American sound editor, music producer, and arranger

Justin Kawashima (born November 18, 1970), is a film sound editor, music producer, and arranger.

Kawashima was born in Japan, but his family moved to the United States that same year. He grew up in Houston, Texas, graduating from Memorial High School. He attended New York University and majored in Music History. Kawashima was accepted into the BMI Lehman Engel Musical Theater Workshop, making him the youngest person to join the group until Robert Lopez (who later won a Tony Award for writing Avenue Q) took that honor.

He has been a sound designer for films including Hal Hartley's feature, The Girl From Monday, starring Bill Sage and Sabrina Lloyd; and Opera No 1, featuring Parker Posey and James Urbaniak. He designed sound for Japanese film legend Takeshi Kitano's production company, Office Kitano, on the feature Big River, and the short film Running Time, starring Yul Vazquez, and Sam Rockwell.

In the dance world, he has collaborated as composer and sound designer on several new works with Bessie-Award-winning and Tony nominated choreographer David Neumann including Pearl River and the Central Park SummerStage concert performance featuring beat-poet John Giorno.
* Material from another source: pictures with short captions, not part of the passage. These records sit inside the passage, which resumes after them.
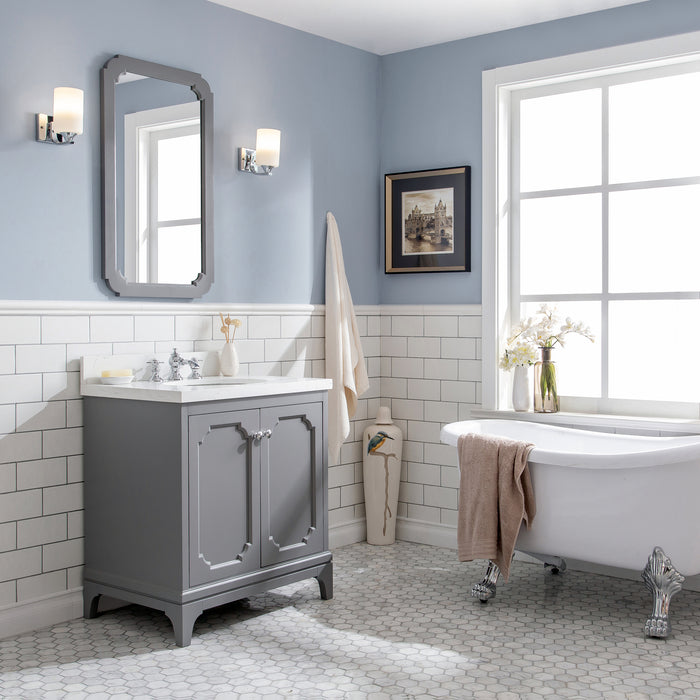 30-Inch Aliza Single Sink Vanity – Cashmere Grey Finish with Waterfall Tap & Accent Mirror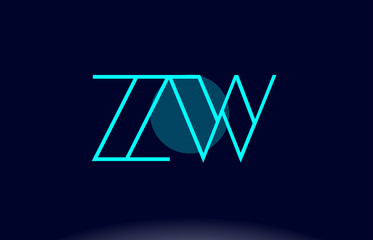 zw z w blue line circle alphabet letter logo icon template vector design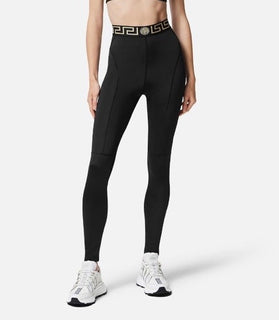 Versace Greca Border Gym Leggings Pants Black Small 1004103 NWT $920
Commissioned for the Celebrate Brooklyn Festival, Deep Six extended the collaboration to include veteran New York musicians Gary Seligson on drums and Dave Philips on bass.

As a musician, Kawashima has been a producer and an arranger for major label and independent artists including American Idols Nikki McKibbin, and several other projects for multi-platinum mixer Andy Zulla. He provided additional production and mastering on the soundtrack, Possible Music, a collection of songs from the films of Hal Hartley. As an instrumentalist, Kawashima has performed with former Chucklehead MC Eben Levy in the electro-funk band Ejectrode, and was guitarist and keyboardist with the Pulitzer Prize-winning musical Rent, performing with the National Touring Production and on Broadway. He currently resides in Pleasanton, California as a Designer at Apple, with his wife, Lisa Walter, and their three daughters, Adrienne, Cameron and Deirdre.